Exercise brief:
Pictures in the material below are to be left out, and only the lines from the line with "pantaloncini da yoga" up to and including the line with "Powerbeyond Strive Cropped Tank Olive" are to be written out exactly.

Dataset records:
%%

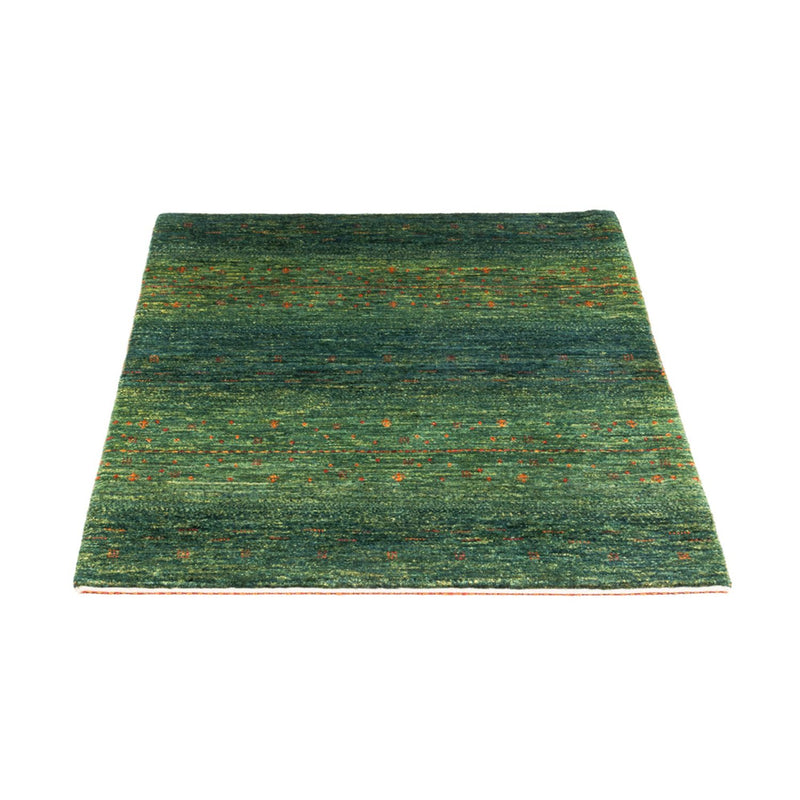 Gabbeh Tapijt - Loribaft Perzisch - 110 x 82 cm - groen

%%
%%

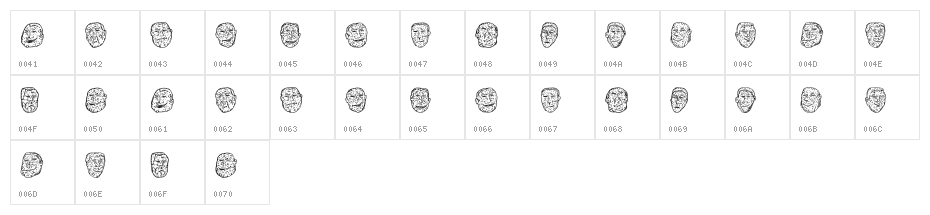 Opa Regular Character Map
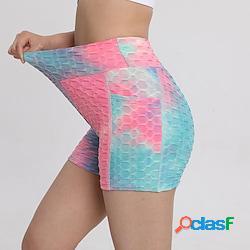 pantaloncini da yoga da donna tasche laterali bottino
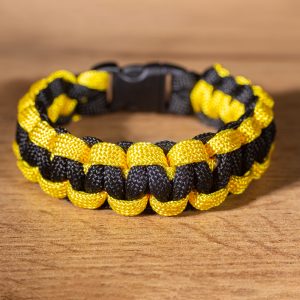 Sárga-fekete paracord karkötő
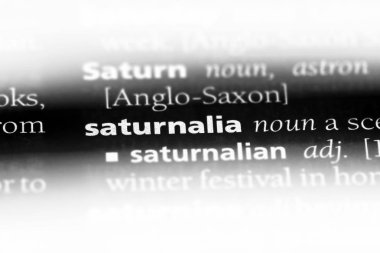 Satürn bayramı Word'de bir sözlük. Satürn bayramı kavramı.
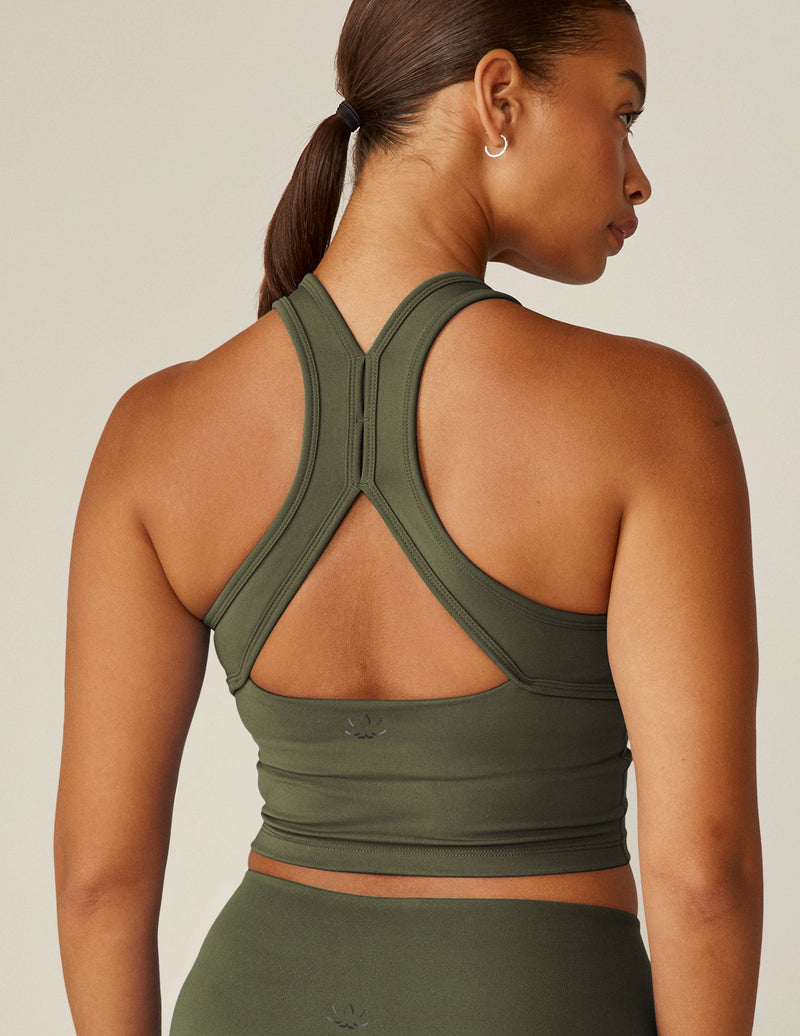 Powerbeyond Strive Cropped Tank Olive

%%
%%

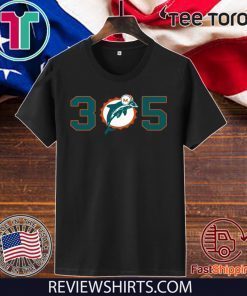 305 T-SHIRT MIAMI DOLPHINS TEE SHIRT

%%

Answer space:
 pantaloncini da yoga da donna tasche laterali bottino
 Sárga-fekete paracord karkötő
 Satürn bayramı Word'de bir sözlük. Satürn bayramı kavramı.
 Powerbeyond Strive Cropped Tank Olive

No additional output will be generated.